### ASSIGNMENT
Only an exact repetition is needed: the lines from the start of the listing below through the line that contains "12612 Weatherstone Drive, Knoxville, TN", pictures omitted.

### MATERIAL FOR THIS TASK

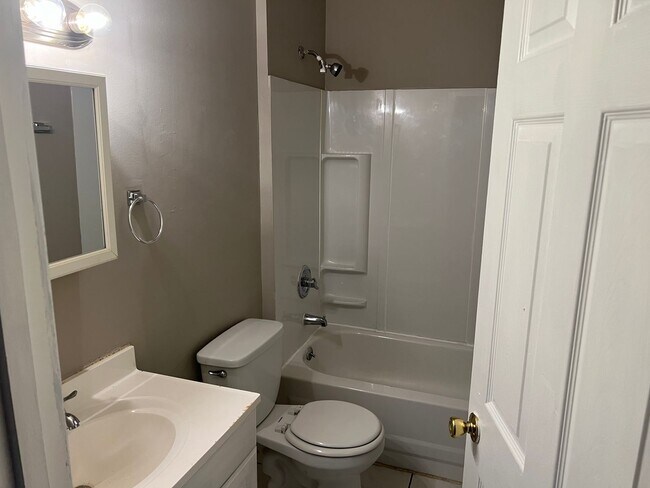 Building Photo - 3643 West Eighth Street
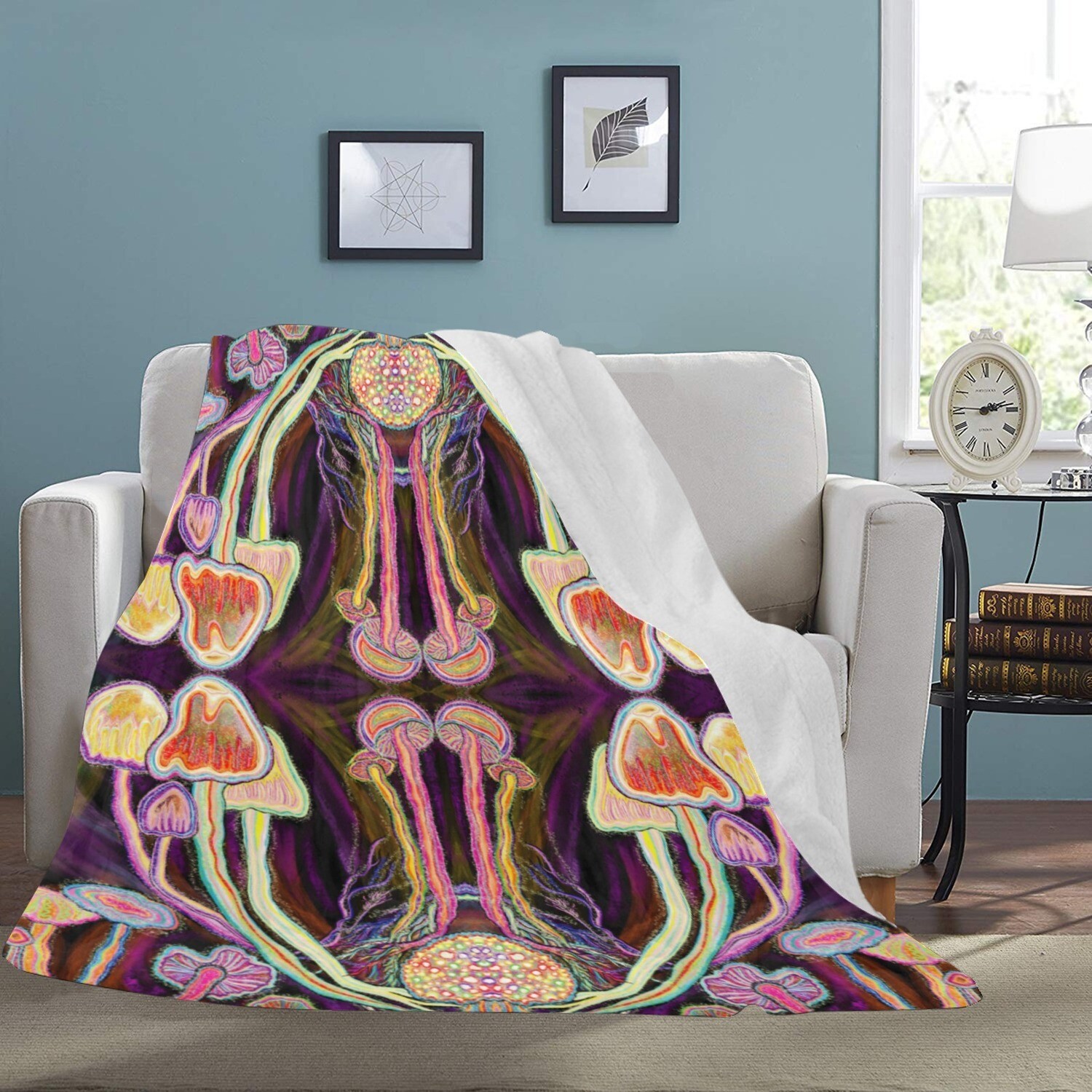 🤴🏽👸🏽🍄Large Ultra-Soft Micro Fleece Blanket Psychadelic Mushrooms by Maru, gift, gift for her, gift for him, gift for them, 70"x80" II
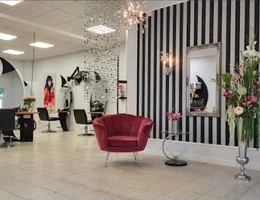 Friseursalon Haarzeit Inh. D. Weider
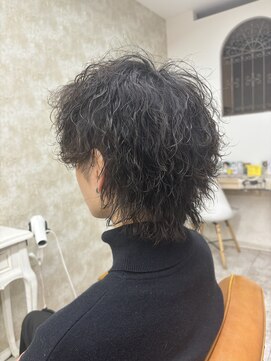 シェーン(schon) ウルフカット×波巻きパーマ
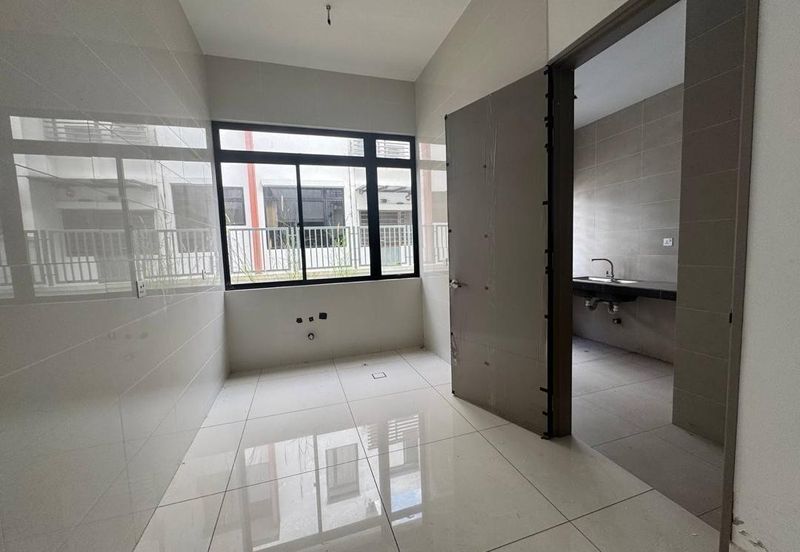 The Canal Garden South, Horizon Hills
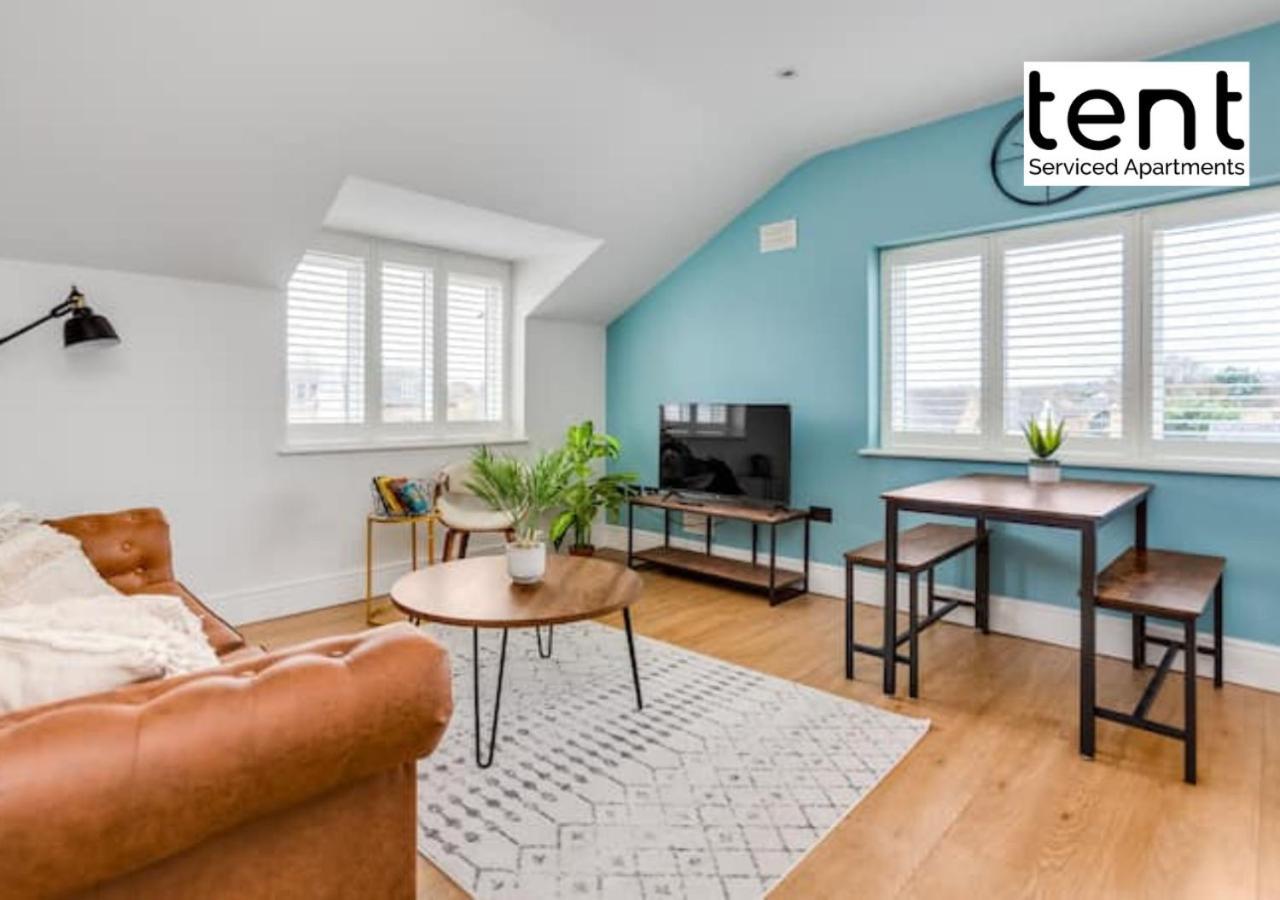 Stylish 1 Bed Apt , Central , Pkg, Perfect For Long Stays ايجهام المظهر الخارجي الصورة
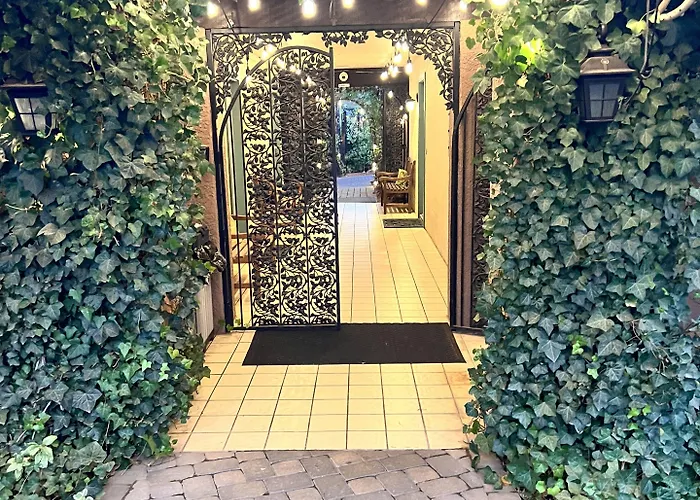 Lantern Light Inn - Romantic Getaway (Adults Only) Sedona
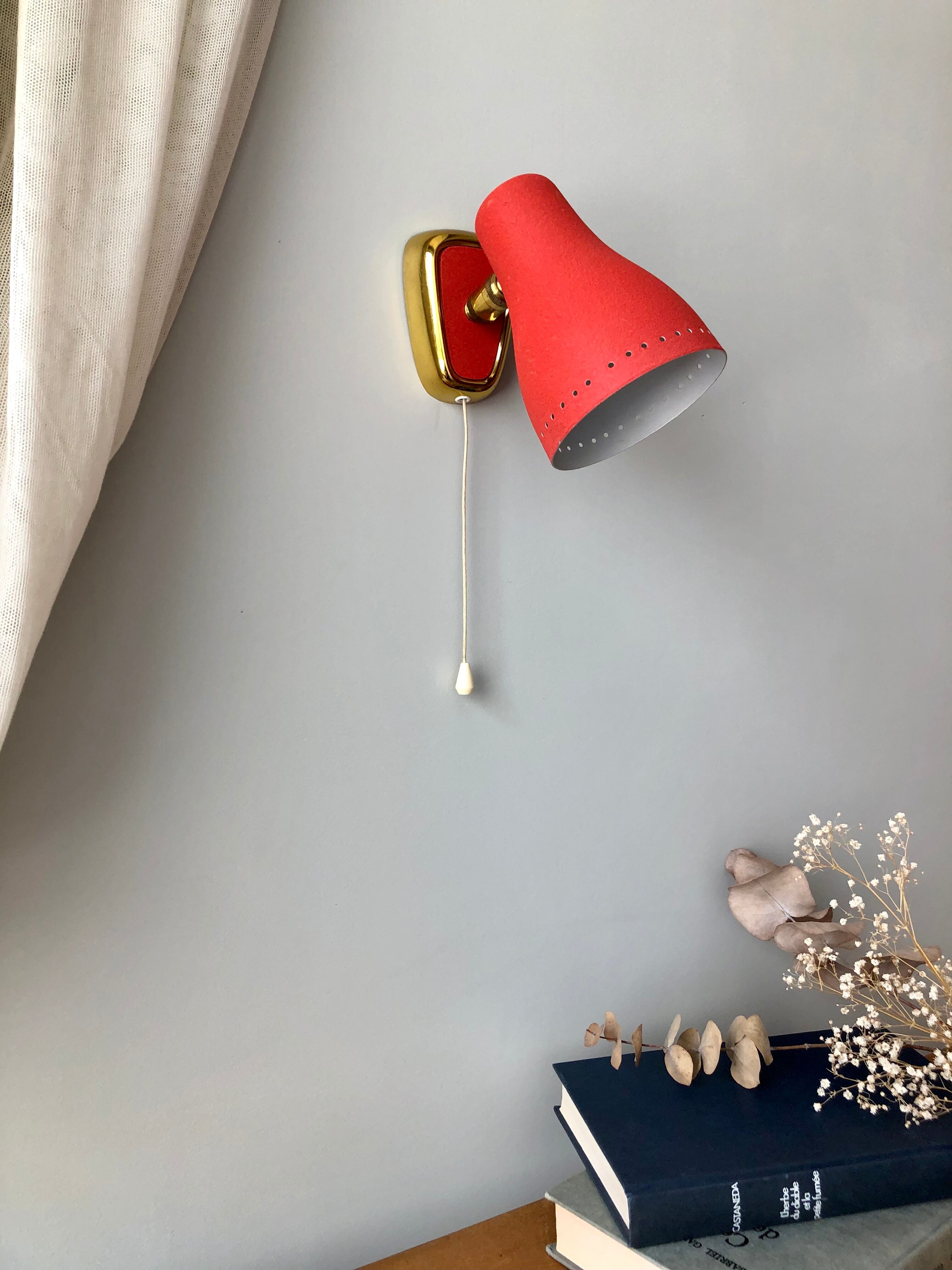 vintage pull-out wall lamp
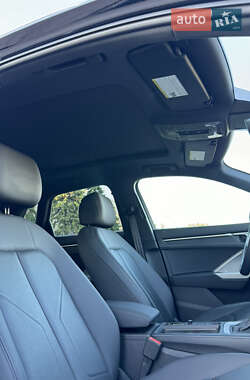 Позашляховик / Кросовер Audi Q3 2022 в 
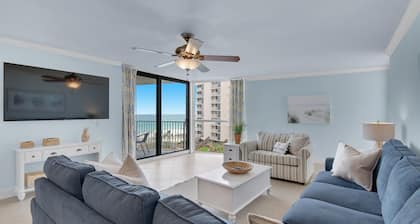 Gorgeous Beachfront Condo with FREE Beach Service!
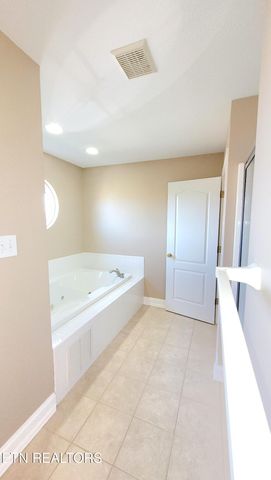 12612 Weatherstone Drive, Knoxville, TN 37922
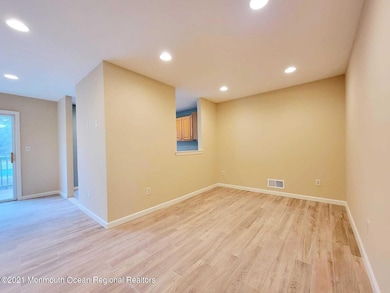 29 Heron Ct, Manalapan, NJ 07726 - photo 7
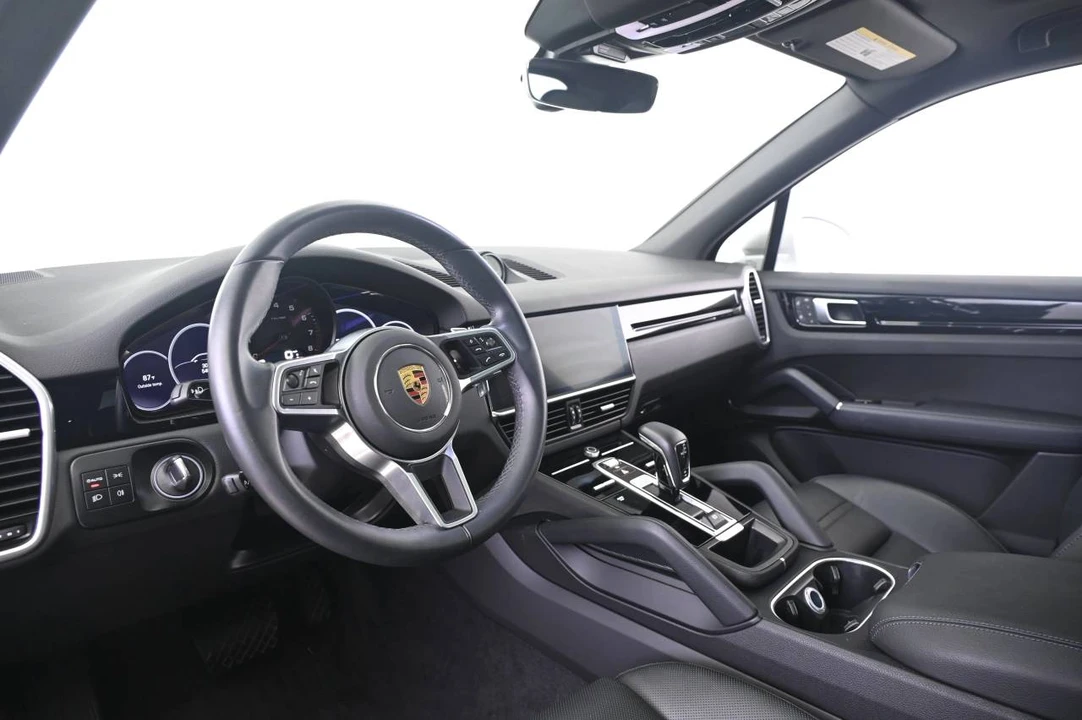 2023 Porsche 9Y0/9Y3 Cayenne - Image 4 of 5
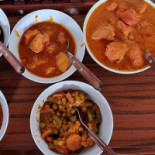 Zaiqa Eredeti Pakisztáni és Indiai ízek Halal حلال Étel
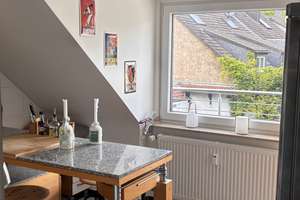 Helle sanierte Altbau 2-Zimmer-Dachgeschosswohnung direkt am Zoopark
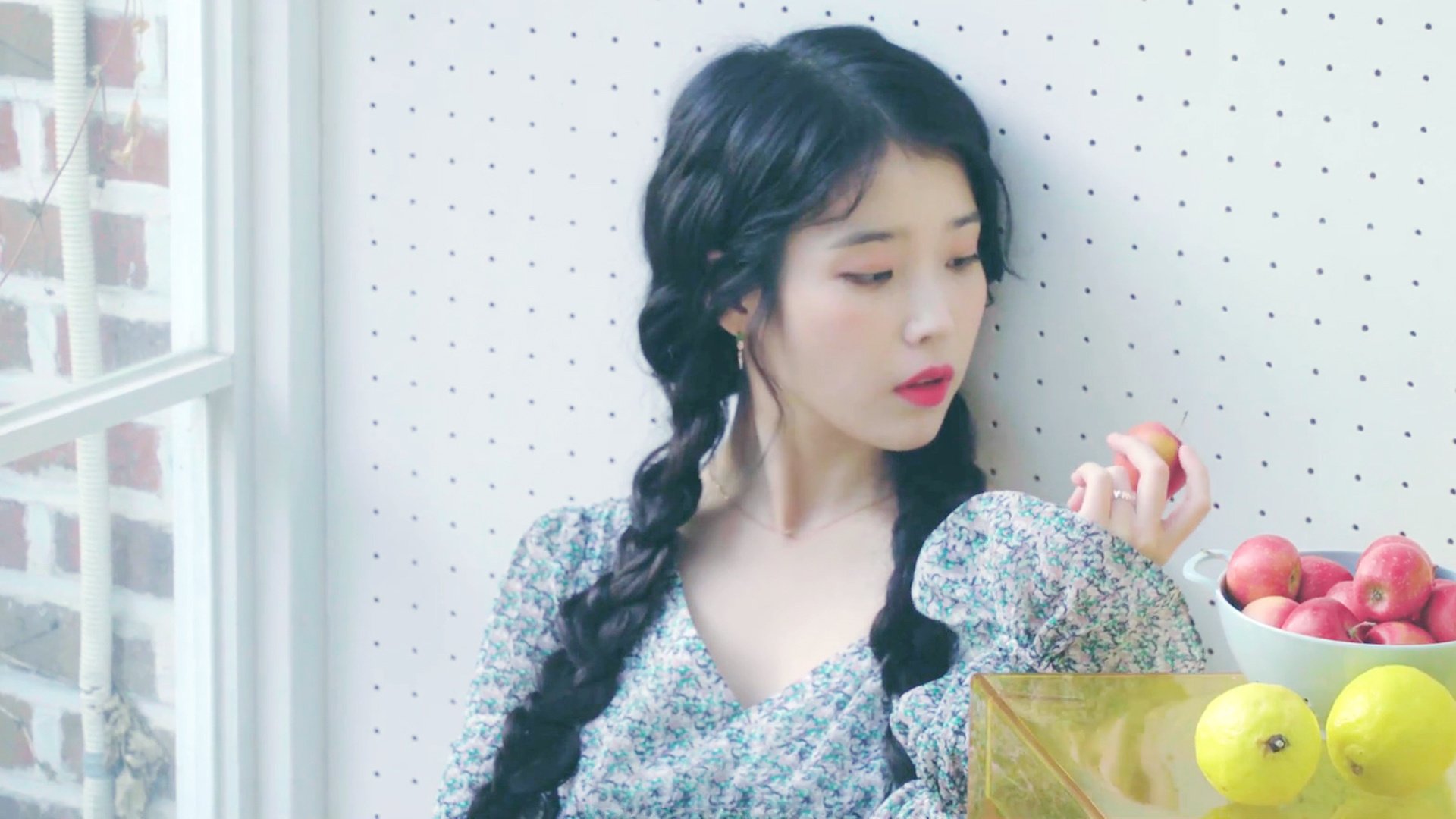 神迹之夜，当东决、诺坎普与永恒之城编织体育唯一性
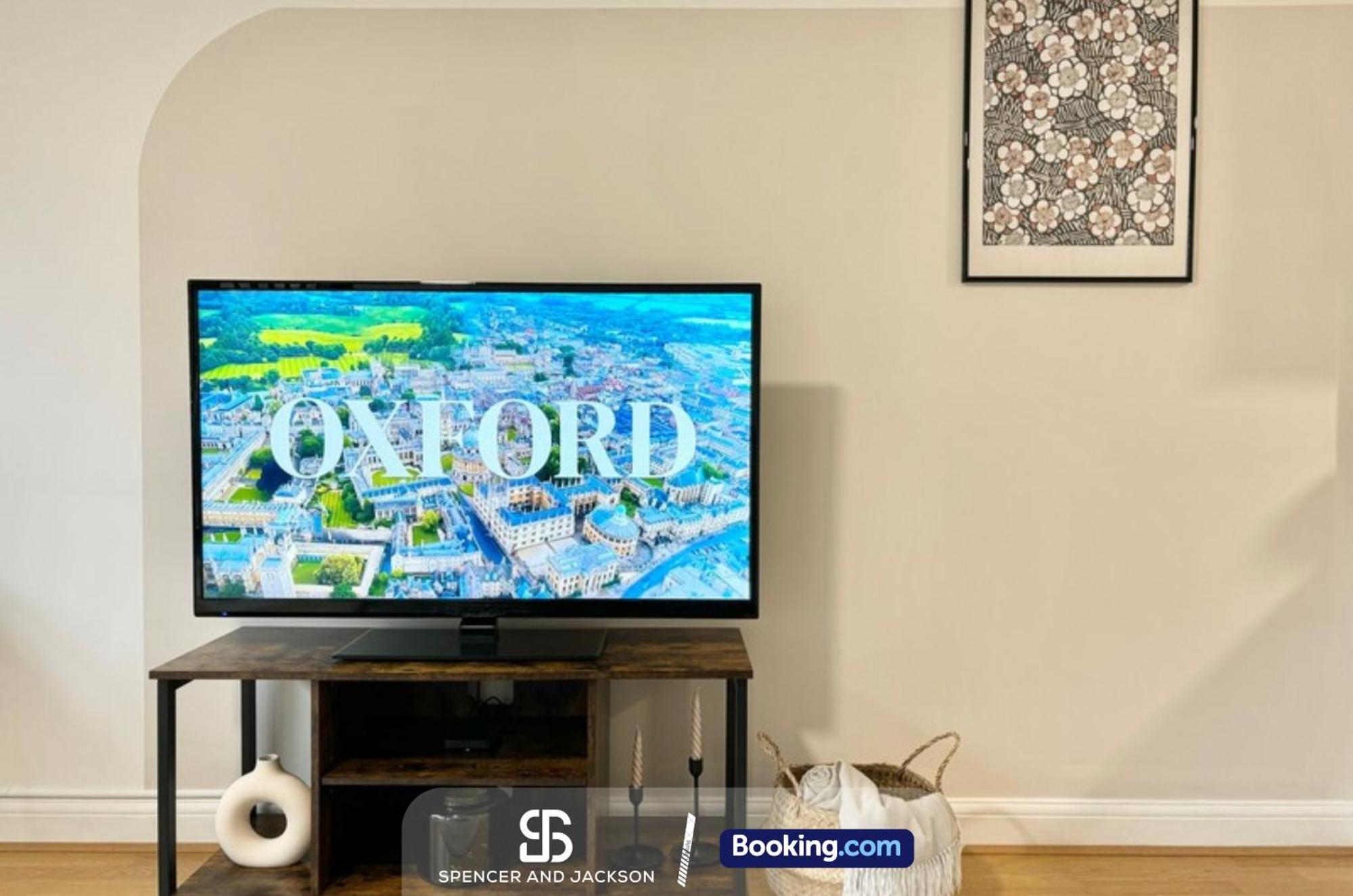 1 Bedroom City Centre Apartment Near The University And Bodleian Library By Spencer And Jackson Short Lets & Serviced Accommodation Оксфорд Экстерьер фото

### SOLUTION TO THIS TASK
 Building Photo - 3643 West Eighth Street
 🤴🏽👸🏽🍄Large Ultra-Soft Micro Fleece Blanket Psychadelic Mushrooms by Maru, gift, gift for her, gift for him, gift for them, 70"x80" II
 Friseursalon Haarzeit Inh. D. Weider
 シェーン(schon) ウルフカット×波巻きパーマ
 The Canal Garden South, Horizon Hills
 Stylish 1 Bed Apt , Central , Pkg, Perfect For Long Stays ايجهام المظهر الخارجي الصورة
 Lantern Light Inn - Romantic Getaway (Adults Only) Sedona
 vintage pull-out wall lamp
 Позашляховик / Кросовер Audi Q3 2022 в 
 Gorgeous Beachfront Condo with FREE Beach Service!
 12612 Weatherstone Drive, Knoxville, TN 37922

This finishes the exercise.